At the moment I'm trying my first steps with Polymer. Now I have a simple page with a paper-button on it but I can't register a click event for it. I tried with this code:
<paper-button raisedButton
id="test"
class="colored"
label="Click"
link="http://twitter.com"
on-click="{{ goLink }}">
</paper-button>
<script>
Polymer('#test', {
goLink: function(e)
{
window.location.href = e.target.getAttribute('link');
}
});
</script>
The click event is not fired. What is wrong with the code? And second question: Should I use on-click
or on-tab
in my code?
You cannot define a Polymer component by simply calling the Polymer()
function with the id of some arbitrary element.
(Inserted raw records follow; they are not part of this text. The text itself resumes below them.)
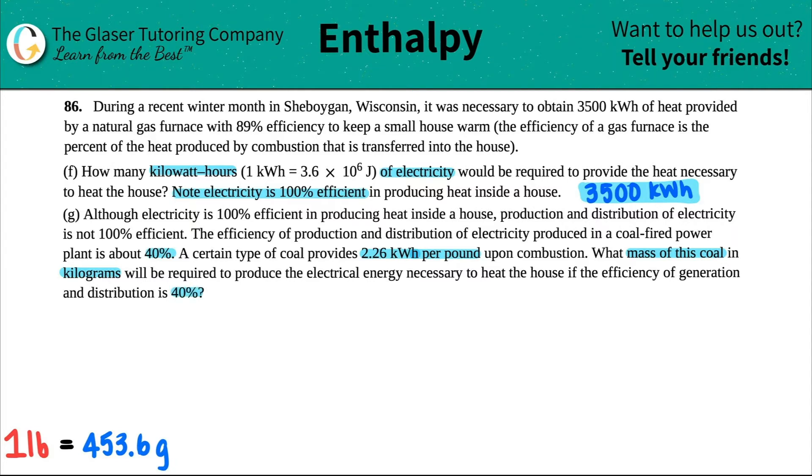We're going back to working with the percents and figuring out how much heat we really need. We need 3,500 kilowatt hours to heat the house, but generation and distribution is only 40% efficient. So we need much more — we need 60% more added to the 3,500 kilowatt hours.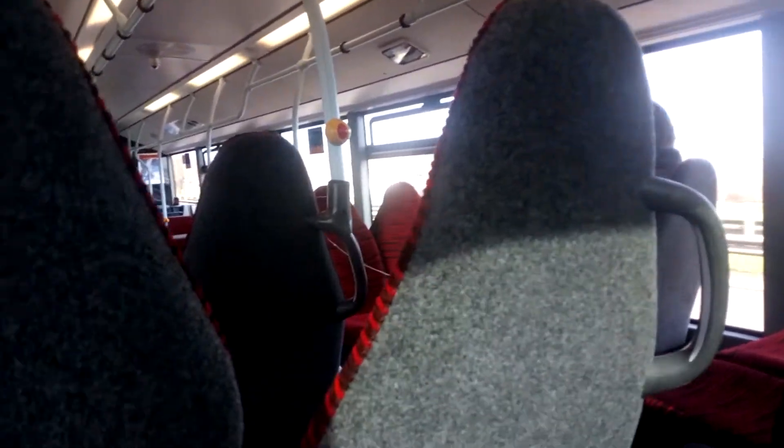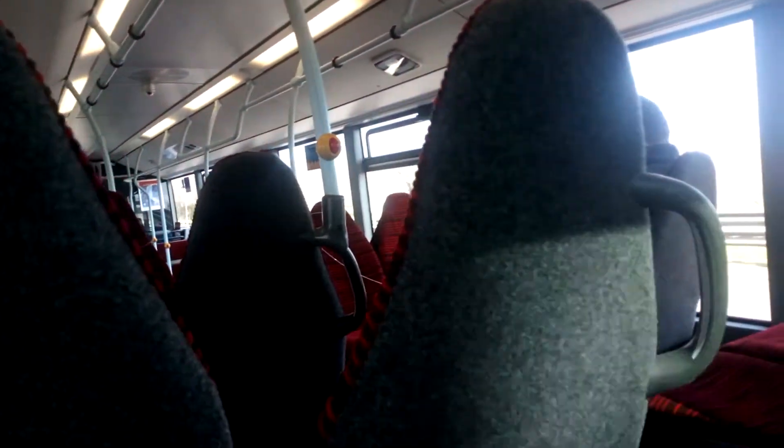It's got new red seats — the 2019 seats.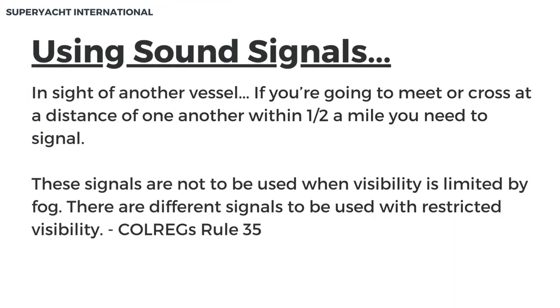Sound signals are used in sight of another vessel. If you're going to meet or cross at a distance within one half a mile of one another, you need to signal. These signals are not to be used when visibility is limited by fog. There are different signals to be used with restricted visibility. These are found in the Colregs, rule 35.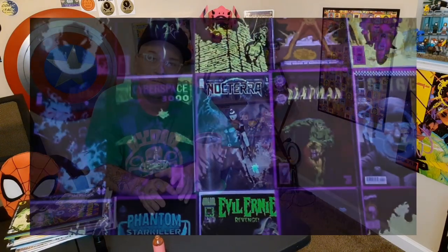What is up guys? Esfawn82 back with a brand new video and today do I have a good one for you guys. It's going to be a fun one. We're covering my favorite gimmick in comic books: Glow-in-the-Dark Covers.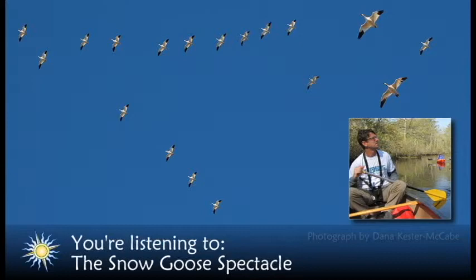One of the best times to experience snow goose flights at Bombay Hook is just before the sun goes down. During the middle of the day, the birds tend to feed on the nearby farm fields, but they return to the refuge to spend the night.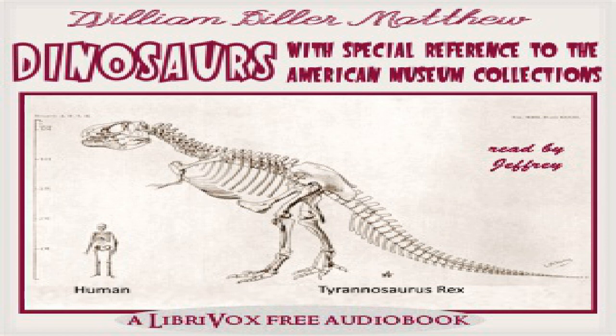Chapter six of 'Dinosaurs with Special Reference to the American Museum Collections' by William Diller Matthew. This LibriVox recording is in the public domain, recording by Jeffrey Smith, New Orleans, Louisiana. Chapter six: The Beaked Dinosaurs. Order Orthopoda, Ornithischia, or Predentata. The peculiar feature of this group of dinosaurs is the horny beak or bill — the bony core sutured to the front of the upper and lower jaws was covered in life by a horny sheath, as in birds or turtles.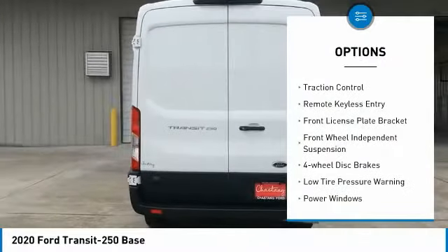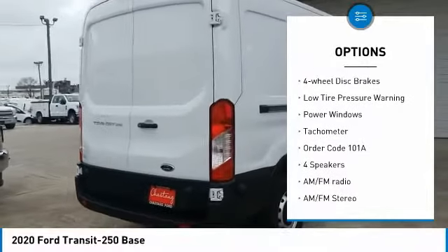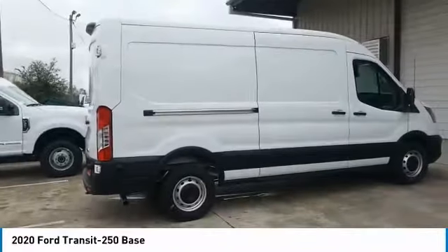Electronic stability control. Brake assist. Traction control. Remote keyless entry. Front license plate bracket. Front wheel independent suspension. Four wheel disc brakes.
Either you need to create a Polymer element that contains the button and the handler code like so:
<body unresolved>
<polymer-element name="link-button">
<template>
<paper-button raisedButton id="test" class="colored"
label="Click" link="http://twitter.com"
on-click="{{ goLink }}">
</paper-button>
</template>
<script>
Polymer('link-button', {
goLink: function(e) {
window.location.href = e.target.getAttribute('link');
}
})
</script>
</polymer-element>
<link-button></link-button>
</body>
or you need to wrap the button in an auto-binding template:
<body unresolved>
<template id="bind" is="auto-binding">
<paper-button raisedButton id="test" class="colored"
label="Click" link="http://twitter.com"
on-click="{{ goLink }}">
</paper-button>
</template>
<script>
var bind = document.querySelector('#bind');
bind.goLink = function(e) {
window.location.href = e.target.getAttribute('link');
}
</script>
</body>
With the first version, you can create a reusable link-button
element if you convert the hard-coded link (and maybe some other values) into attributes.
And btw. you can use 'on-tap' or 'on-click'. Both events are fired when you click the button with the mouse.
Edit:
If all you want is the fancy paper button, you could go without any Polymer specific programming by simply adding an event listener to the element:
<paper-button raisedButton id="test" class="colored"
label="Click" link="http://twitter.com">
</paper-button>
<script>
document.querySelector('#test').addEventListener('click', function(e) {
window.location.href = e.target.getAttribute('link');
})
</script>
But i think you miss a lot of the power of Polymer (and web components in general) if you only focus on the component-consumer-side of it.